Brief: Write out the entries exactly, pictures excluded.

(Captioned web image data)
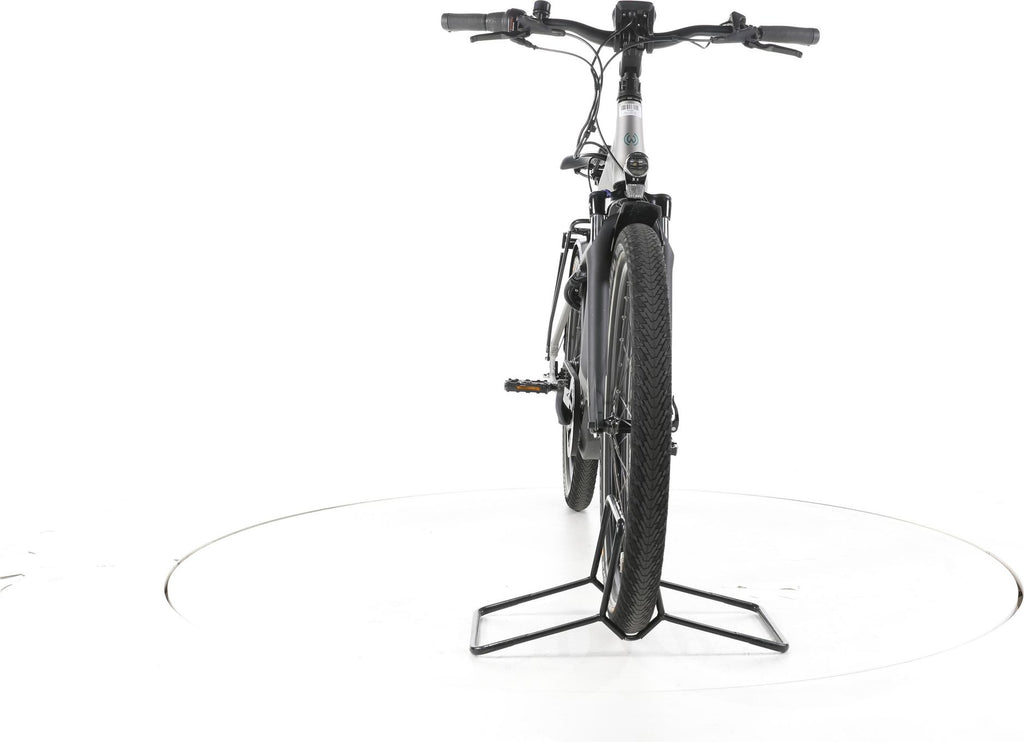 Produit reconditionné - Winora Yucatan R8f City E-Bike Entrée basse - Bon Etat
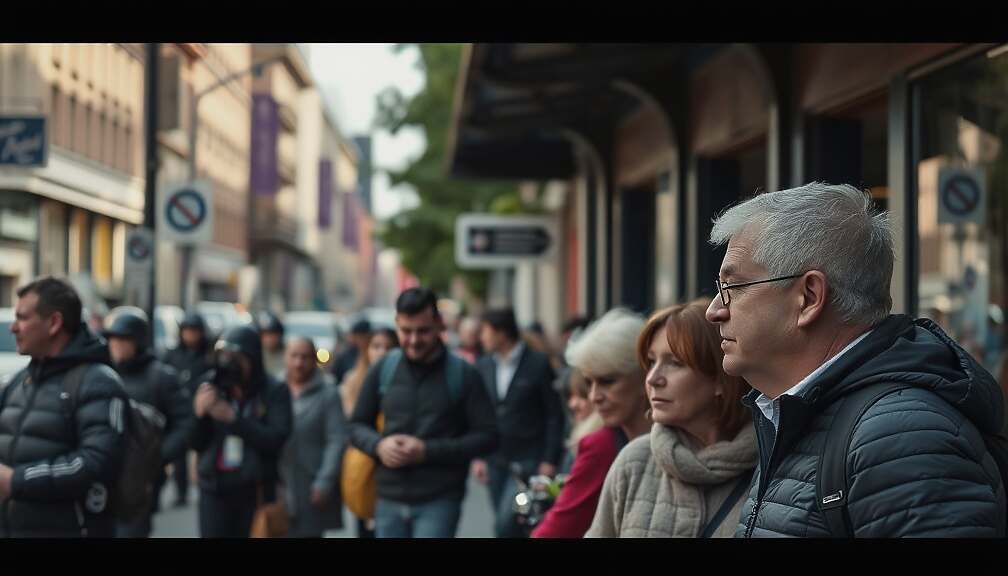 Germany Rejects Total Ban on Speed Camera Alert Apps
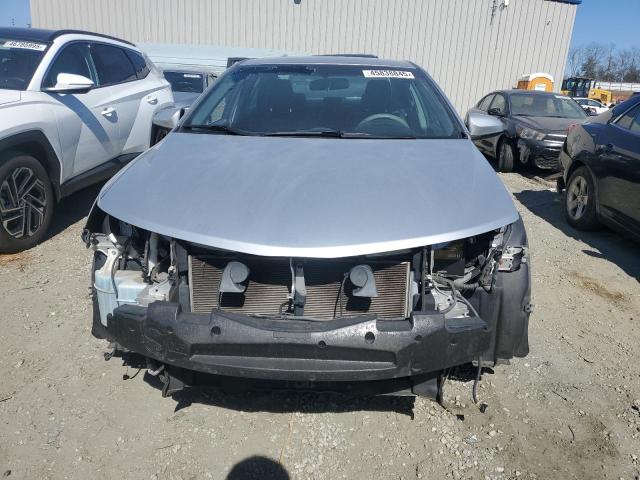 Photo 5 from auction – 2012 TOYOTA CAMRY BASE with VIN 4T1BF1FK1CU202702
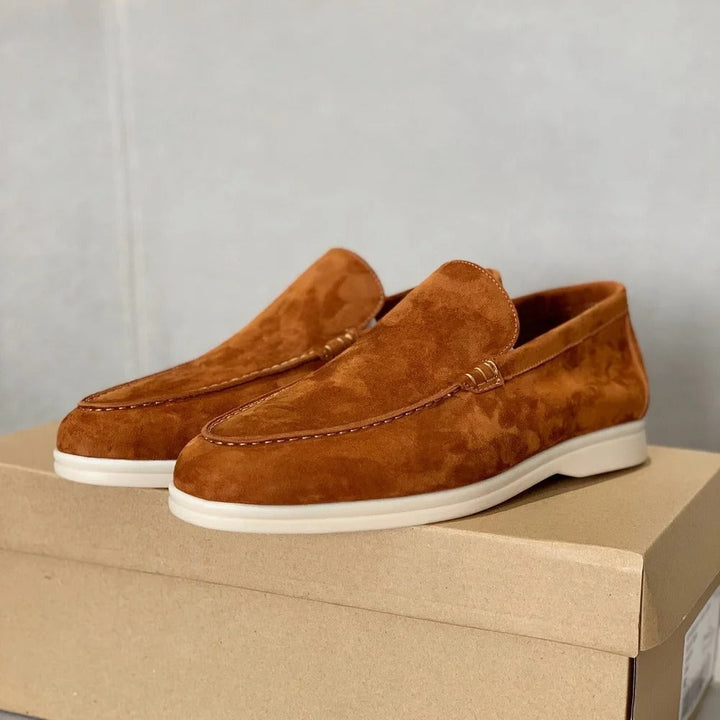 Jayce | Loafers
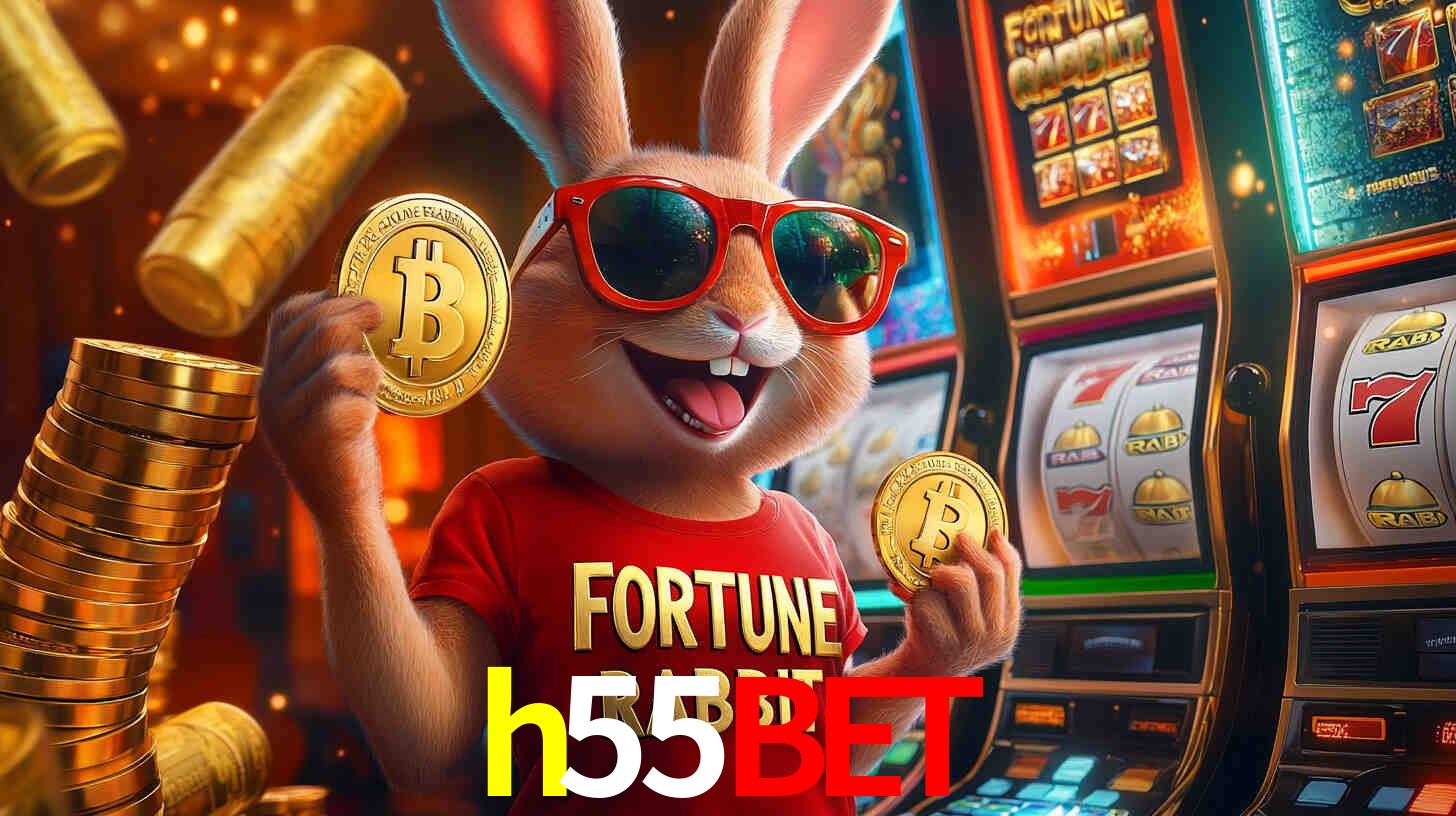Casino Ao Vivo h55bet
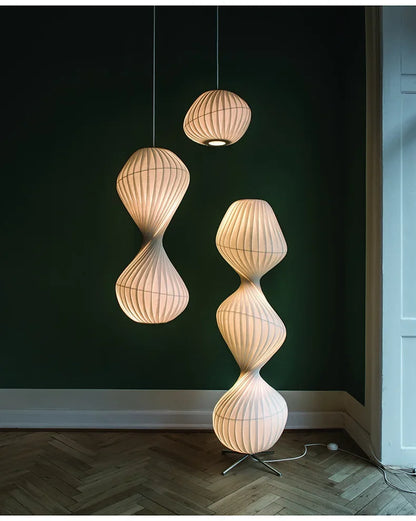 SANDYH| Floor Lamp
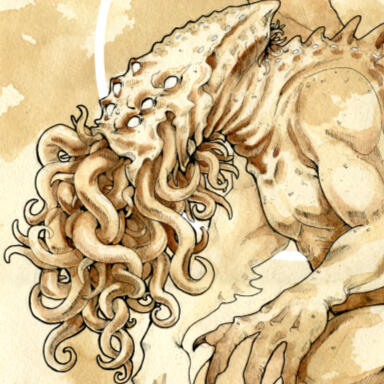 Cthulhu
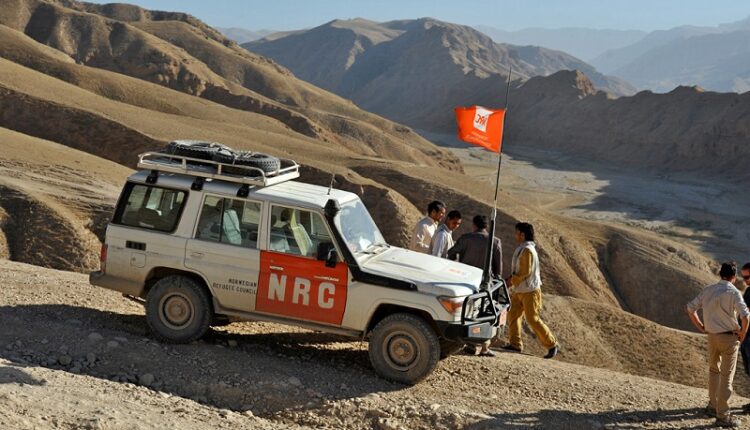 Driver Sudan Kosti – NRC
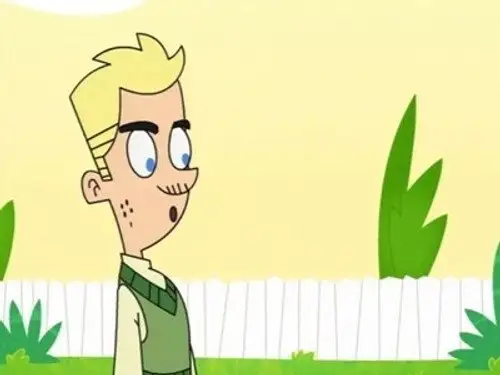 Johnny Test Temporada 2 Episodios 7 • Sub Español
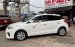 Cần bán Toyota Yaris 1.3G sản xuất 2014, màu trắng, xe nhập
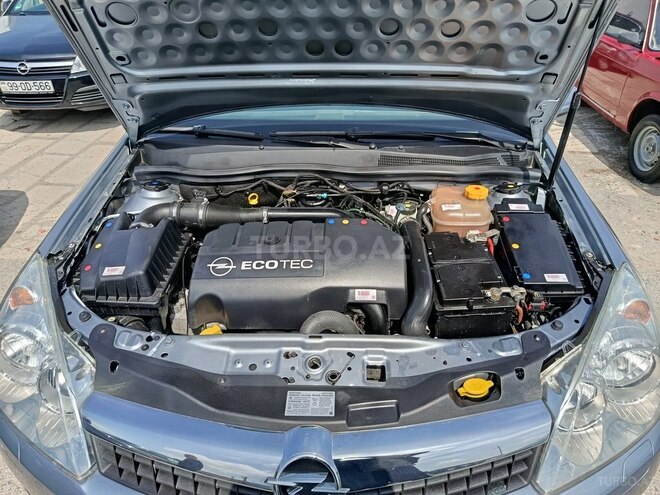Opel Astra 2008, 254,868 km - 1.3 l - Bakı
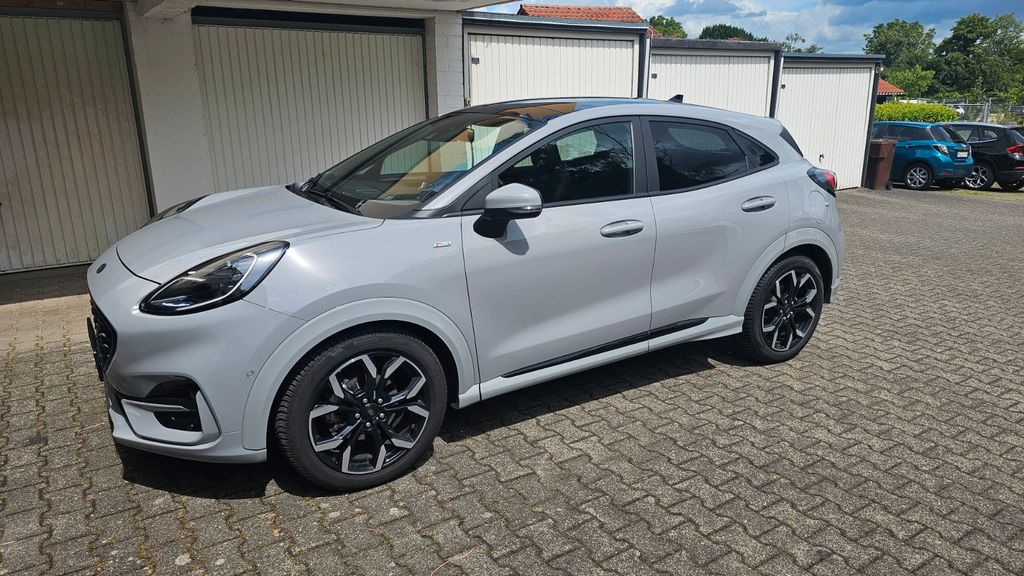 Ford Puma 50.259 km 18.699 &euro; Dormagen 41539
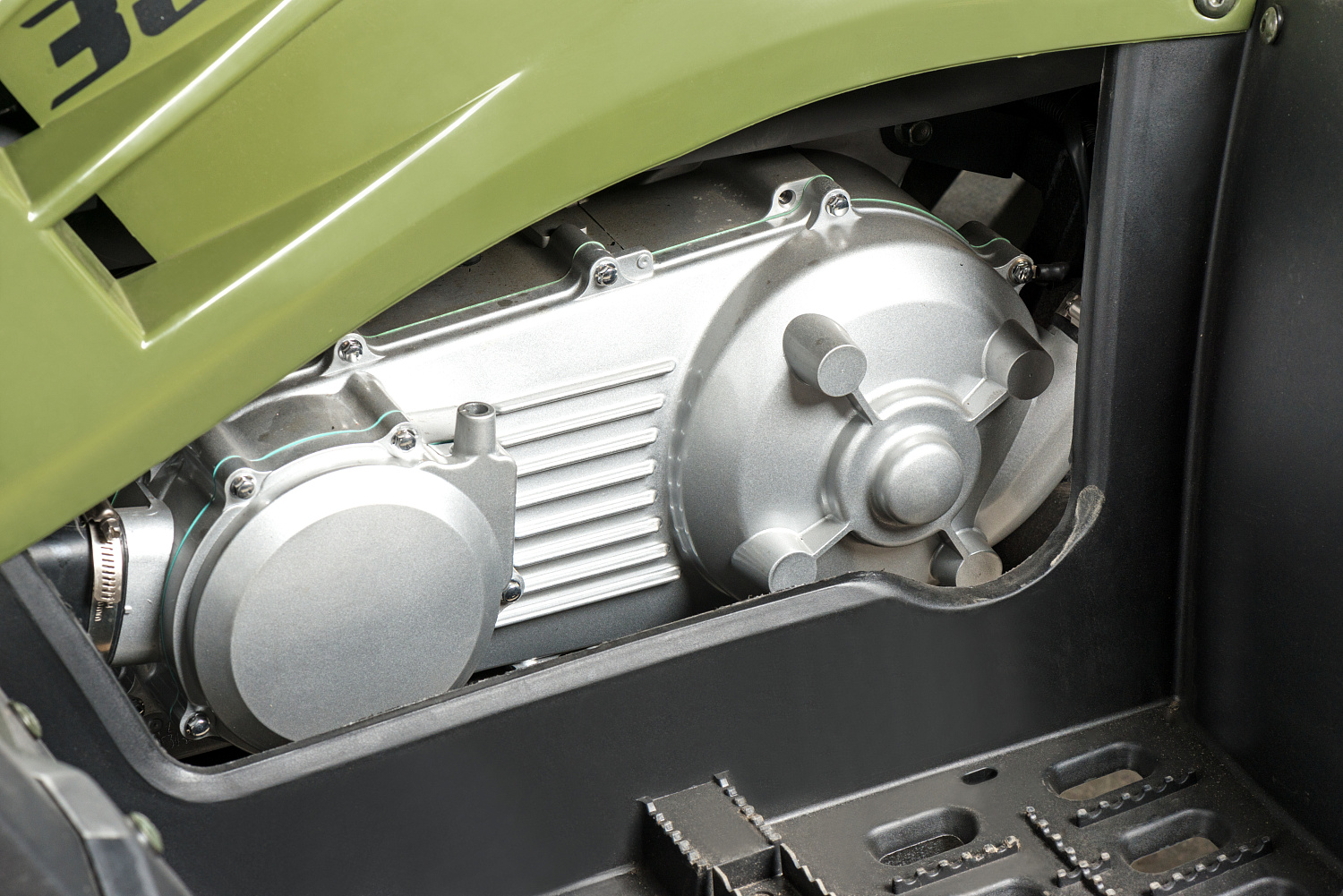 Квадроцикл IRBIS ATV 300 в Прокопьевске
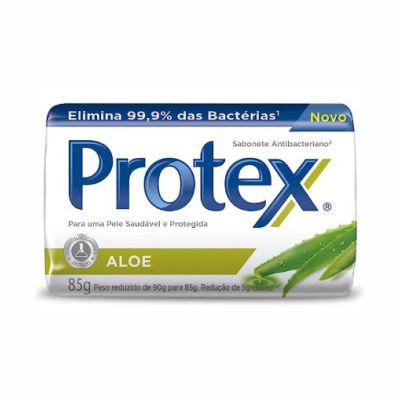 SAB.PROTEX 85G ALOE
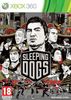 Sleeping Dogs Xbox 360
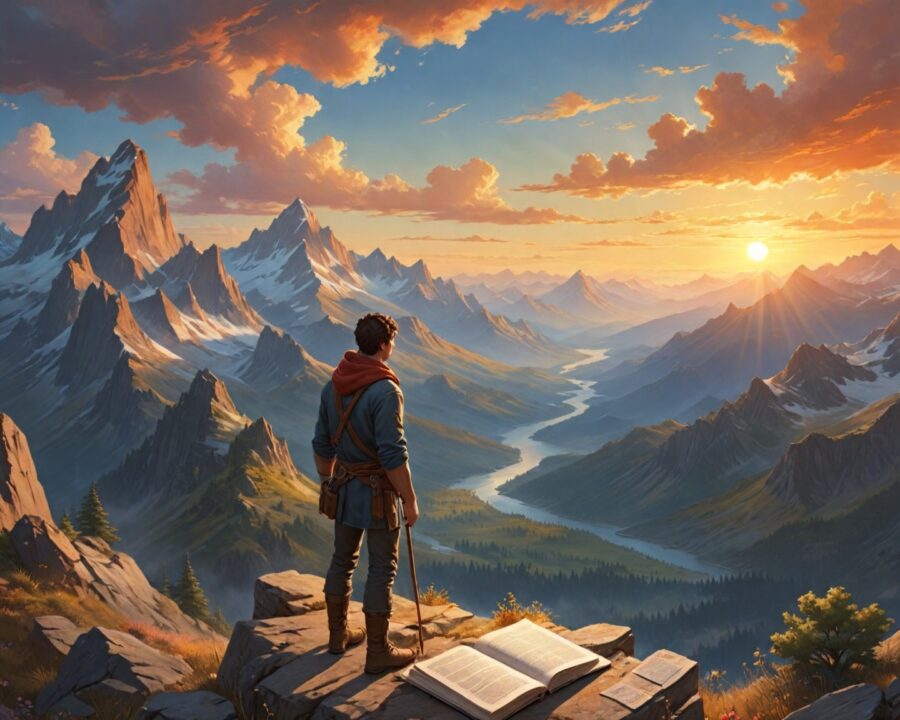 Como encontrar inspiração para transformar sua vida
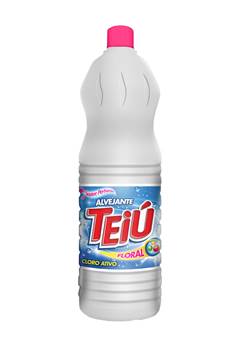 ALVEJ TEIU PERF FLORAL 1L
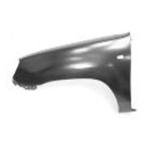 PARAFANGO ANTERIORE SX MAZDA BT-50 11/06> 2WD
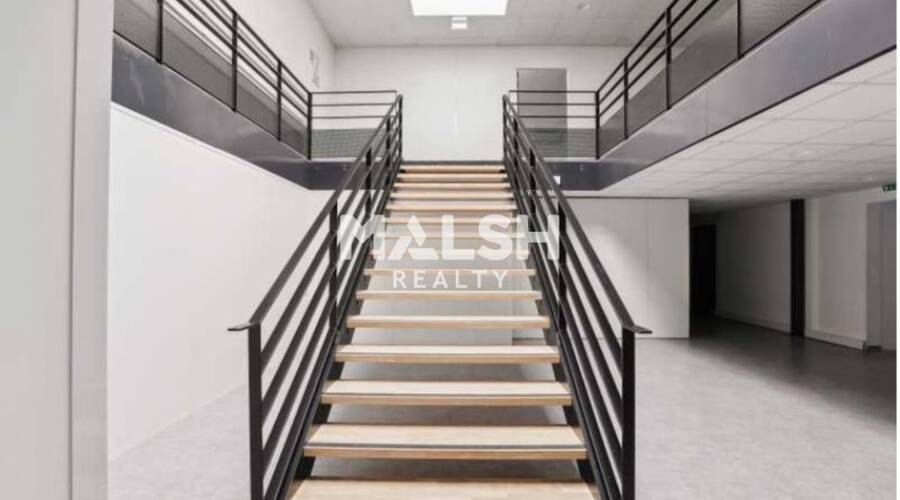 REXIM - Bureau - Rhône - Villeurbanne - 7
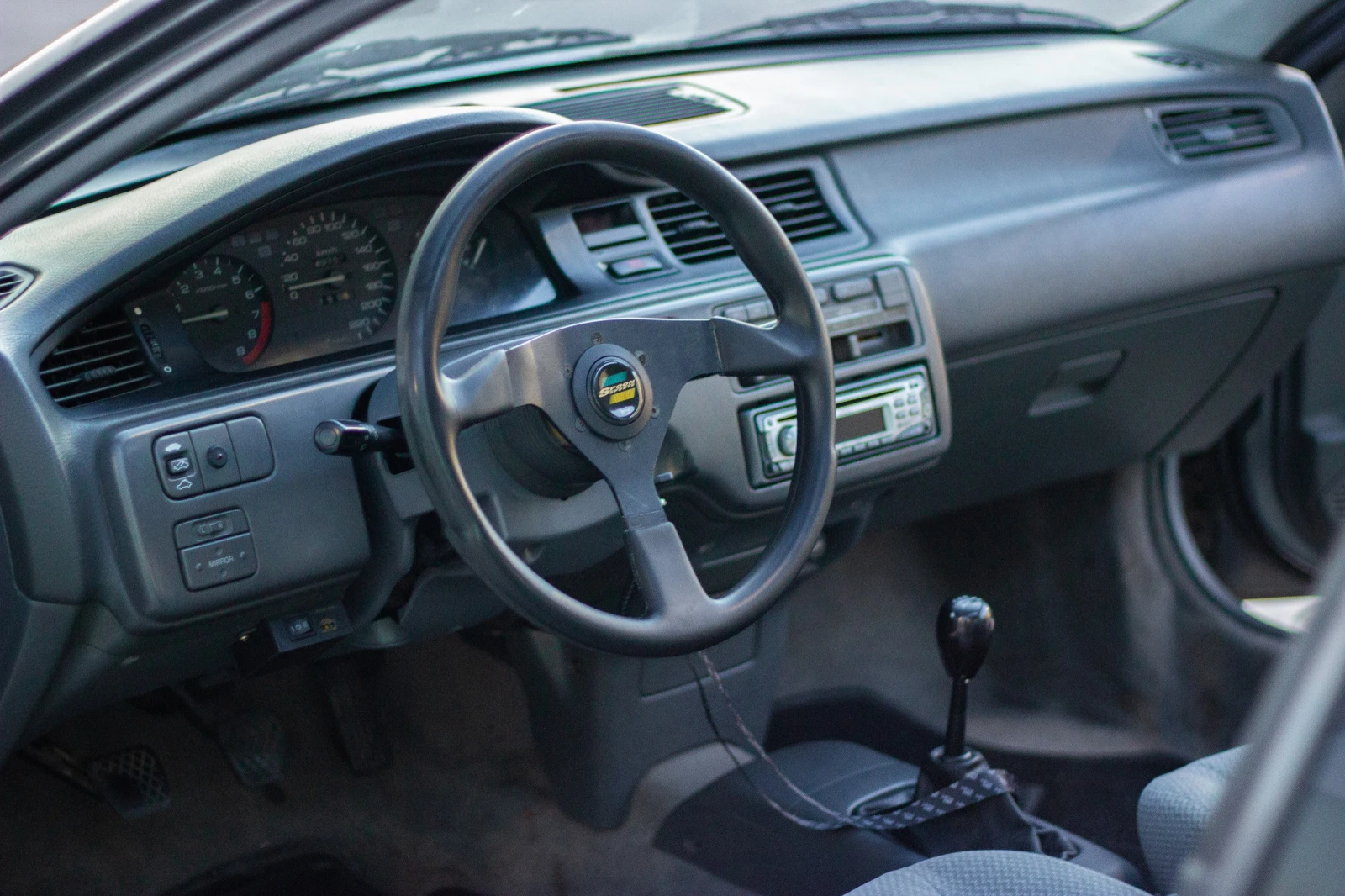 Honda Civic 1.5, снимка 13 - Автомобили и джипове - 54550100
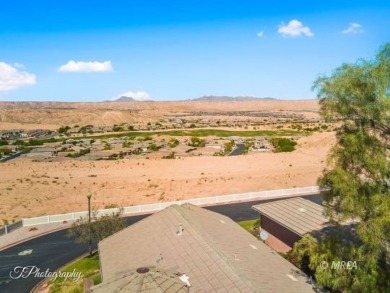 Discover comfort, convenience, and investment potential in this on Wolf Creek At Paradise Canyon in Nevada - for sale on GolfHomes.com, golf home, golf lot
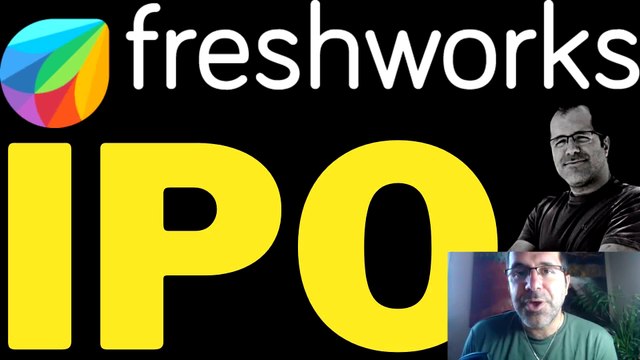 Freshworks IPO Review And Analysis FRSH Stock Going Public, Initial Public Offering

Response:
 Produit reconditionné - Winora Yucatan R8f City E-Bike Entrée basse - Bon Etat
 Germany Rejects Total Ban on Speed Camera Alert Apps
 Photo 5 from auction – 2012 TOYOTA CAMRY BASE with VIN 4T1BF1FK1CU202702
 Jayce | Loafers
Casino Ao Vivo h55bet
 SANDYH| Floor Lamp
 Cthulhu
 Driver Sudan Kosti – NRC
 Johnny Test Temporada 2 Episodios 7 • Sub Español
 Cần bán Toyota Yaris 1.3G sản xuất 2014, màu trắng, xe nhập
Opel Astra 2008, 254,868 km - 1.3 l - Bakı
 Ford Puma 50.259 km 18.699 &euro; Dormagen 41539
 Квадроцикл IRBIS ATV 300 в Прокопьевске
 SAB.PROTEX 85G ALOE
 Sleeping Dogs Xbox 360
 Como encontrar inspiração para transformar sua vida
 ALVEJ TEIU PERF FLORAL 1L
 PARAFANGO ANTERIORE SX MAZDA BT-50 11/06> 2WD
 REXIM - Bureau - Rhône - Villeurbanne - 7
 Honda Civic 1.5, снимка 13 - Автомобили и джипове - 54550100
 Discover comfort, convenience, and investment potential in this on Wolf Creek At Paradise Canyon in Nevada - for sale on GolfHomes.com, golf home, golf lot
 Freshworks IPO Review And Analysis FRSH Stock Going Public, Initial Public Offering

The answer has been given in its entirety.